# Please explain this question to me (F2 field)

1. Sep 25, 2010

### Suy

Please explain these question to me ....

1. The problem statement, all variables and given/known data

1)A system of m equations over F2 in n
unknowns has exactly 2n−m solutions.
• A. True
• B. False

2)How many roots x $$\in$$ F2 does the polynomial
x2+x+1 have?

3)Which of the following is a cube root of 8i? (Choose all correct answer)
A. sqrt(3)−i
B. −sqrt(3)−i
C. sqrt(3)+i
D. −2i
E. −sqrt(3)+i
answer: sqrt(3)+i( i think there is more?)

2. Relevant equations

3. The attempt at a solution
I have the answer, but I don't understand
also, those stuff is not in my textbook and the prof didn't give much example

Last edited: Sep 25, 2010
2. Sep 25, 2010

### Office_Shredder

Staff Emeritus
Re: Please explain this question to me .... (F2 field)
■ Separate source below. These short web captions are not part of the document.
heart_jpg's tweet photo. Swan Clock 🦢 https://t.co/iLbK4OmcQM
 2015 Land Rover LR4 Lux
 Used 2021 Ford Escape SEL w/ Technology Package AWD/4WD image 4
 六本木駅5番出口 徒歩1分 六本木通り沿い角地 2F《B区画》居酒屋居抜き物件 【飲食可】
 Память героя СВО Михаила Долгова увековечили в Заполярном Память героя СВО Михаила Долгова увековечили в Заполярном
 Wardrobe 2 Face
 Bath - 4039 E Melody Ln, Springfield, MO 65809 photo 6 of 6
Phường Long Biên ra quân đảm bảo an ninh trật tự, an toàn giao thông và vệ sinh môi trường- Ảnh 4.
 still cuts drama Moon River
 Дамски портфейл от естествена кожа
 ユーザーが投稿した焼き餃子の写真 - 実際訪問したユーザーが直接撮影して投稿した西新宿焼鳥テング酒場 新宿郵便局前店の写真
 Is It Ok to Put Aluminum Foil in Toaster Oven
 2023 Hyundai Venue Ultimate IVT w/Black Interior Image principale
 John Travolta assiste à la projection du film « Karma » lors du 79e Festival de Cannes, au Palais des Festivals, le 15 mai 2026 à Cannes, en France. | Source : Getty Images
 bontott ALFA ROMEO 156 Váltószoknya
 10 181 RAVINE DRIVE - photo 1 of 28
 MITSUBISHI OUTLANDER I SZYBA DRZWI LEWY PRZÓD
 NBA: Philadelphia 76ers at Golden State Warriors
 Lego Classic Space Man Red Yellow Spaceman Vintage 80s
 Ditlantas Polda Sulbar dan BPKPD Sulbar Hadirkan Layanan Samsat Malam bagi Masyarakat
Let's start the second and third questions, since they're more straightforward. For b, there are only two possible roots that you can check don't work. Do you know how to do this?

For c, can you just check whether each option is a cube root of 8i directly?

3. Sep 25, 2010

### Suy

Re: Please explain this question to me .... (F2 field)

"b" you mean question 2?
No ,I have no clue.... I don't know to cube root i...
The third question answer is come from wolfram..
By checking, Do you mean i cube every answer to see if it is equal 8i?
actually,I don't understand what's F2 is ...

Last edited: Sep 25, 2010
4. Sep 25, 2010

### Office_Shredder

Staff Emeritus
Re: Please explain this question to me .... (F2 field)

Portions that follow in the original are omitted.